Vocabulary

Affective forecasting
Predicting how one will feel in the future after some event or decision.
Age identity
How old or young people feel compared to their chronological age; after early adulthood, most people feel younger than their chronological age.
Attitude
A psychological tendency that is expressed by evaluating a particular entity with some degree of favor or disfavor.

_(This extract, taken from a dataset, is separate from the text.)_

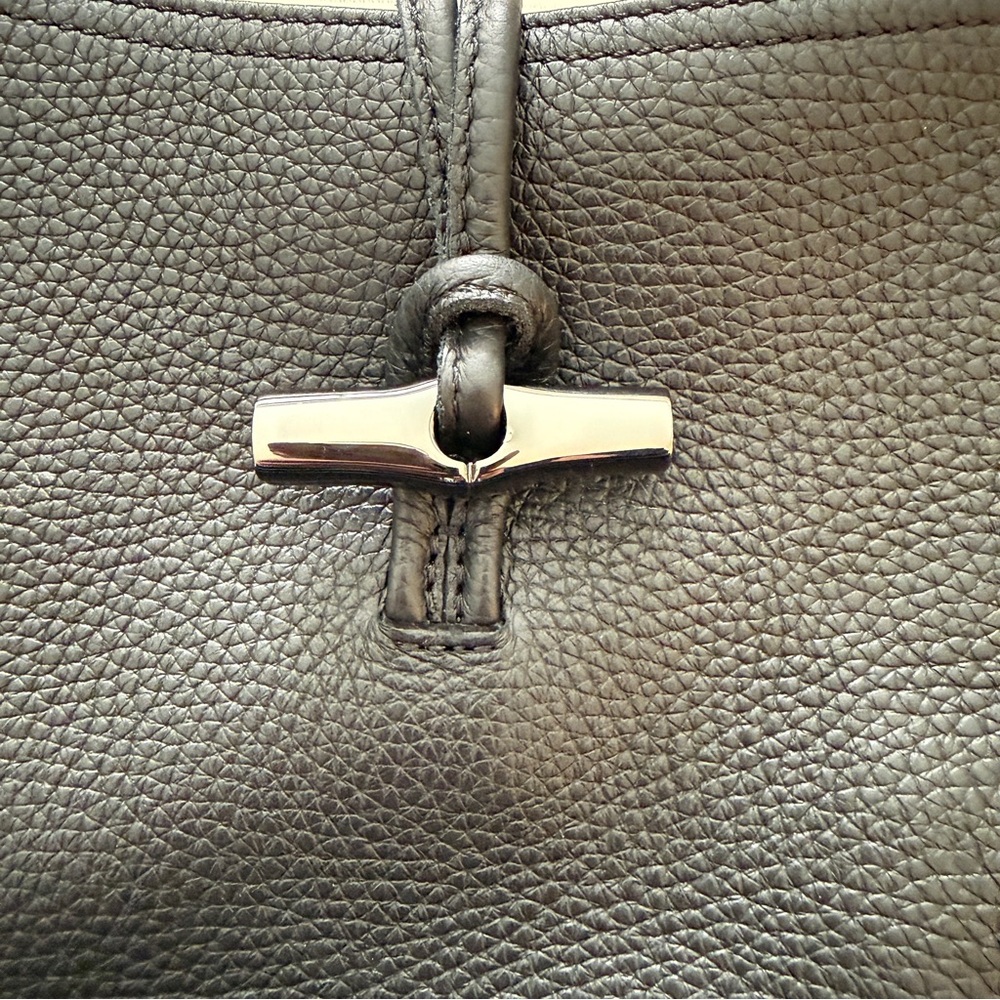 Longchamp Essential Roseau Hobo Black Leather Mint Condition Quiet Luxury $800 - Picture 13 of 16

Autobiographical narratives
A qualitative research method used to understand characteristics and life themes that an individual considers to uniquely distinguish him- or herself from others.
Automatic
A behavior or process has one or more of the following features: unintentional, uncontrollable, occurring outside of conscious awareness, and cognitively efficient.
Availability heuristic
A heuristic in which the frequency or likelihood of an event is evaluated based on how easily instances of it come to mind.
Average life expectancy
Mean number of years that 50% of people in a specific birth cohort are expected to survive. This is typically calculated from birth but is also sometimes re-calculated for people who have already reached a particular age (e.g., 65).
Chameleon effect
The tendency for individuals to nonconsciously mimic the postures, mannerisms, facial expressions, and other behaviors of one’s interaction partners.
Cohort
Group of people typically born in the same year or historical period, who share common experiences over time; sometimes called a generation (e.g., Baby Boom Generation).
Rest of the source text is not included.